I chuckled this week when I realized how much I was enjoying a scenario I don’t think I would have noticed a little over a year ago.
In fact, prior to last year it would have been one of the most mundane things imaginable.
I listened in while eight senior citizens played Bridge for an hour.
It happened as a happy accident during an engagement I was excited to be a part of.
For the first time in over a year, I was able to address a large bank group in person.
Yes, real people with smiles on their faces…all in the same room.
I arrived early to the event and had an hour or so to kill.
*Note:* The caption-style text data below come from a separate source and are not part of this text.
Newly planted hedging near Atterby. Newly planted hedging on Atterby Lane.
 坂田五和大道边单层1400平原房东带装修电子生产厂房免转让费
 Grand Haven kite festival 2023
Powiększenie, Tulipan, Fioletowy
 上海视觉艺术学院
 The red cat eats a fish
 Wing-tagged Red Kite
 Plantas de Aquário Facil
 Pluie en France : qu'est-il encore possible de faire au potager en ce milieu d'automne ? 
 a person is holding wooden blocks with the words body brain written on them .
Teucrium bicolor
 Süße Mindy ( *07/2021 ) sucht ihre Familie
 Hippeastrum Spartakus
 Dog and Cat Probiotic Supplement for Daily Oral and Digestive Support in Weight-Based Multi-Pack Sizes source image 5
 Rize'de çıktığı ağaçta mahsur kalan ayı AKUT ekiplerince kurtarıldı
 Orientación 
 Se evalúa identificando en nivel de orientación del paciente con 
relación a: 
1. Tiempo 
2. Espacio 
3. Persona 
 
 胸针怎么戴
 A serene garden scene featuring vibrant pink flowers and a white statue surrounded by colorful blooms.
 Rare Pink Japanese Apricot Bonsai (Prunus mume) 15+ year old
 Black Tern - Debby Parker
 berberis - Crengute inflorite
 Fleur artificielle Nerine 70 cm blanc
So, I grabbed a coffee and sat in a corner of a lobby/cafe area with my laptop.
The only other souls there were the eight ladies chatting and playing Bridge.
They talked more about lunch and grandkids than they did Bridge… and it was a joy to listen in.
When one lady made some kind of Bridge joke about her partner, I was the only one in the room who had no idea what the reference was or why it was funny.
As they laughed, one looked over as if she were worried that they disturbed me.
Nothing could have been further from the truth. I smiled along like it was the funniest septuagenarian Bridge joke I had ever heard.
And well, by default… it had to be.
It says a lot about the last year that I was conscious of what would have been so incredibly humdrum in the past.
Folks were sitting together in public chatting, laughing and enjoying being with each other. I was grateful to be in the room.
I reflected on the hundreds (maybe thousands) of times I’ve sat in hotel lobbies, restaurants, cafés, airport terminals, etc. and been just a bit bothered by the “chatter” of others.
Like lots of folks who work on the road, if there was a secluded place to stick myself, I was there.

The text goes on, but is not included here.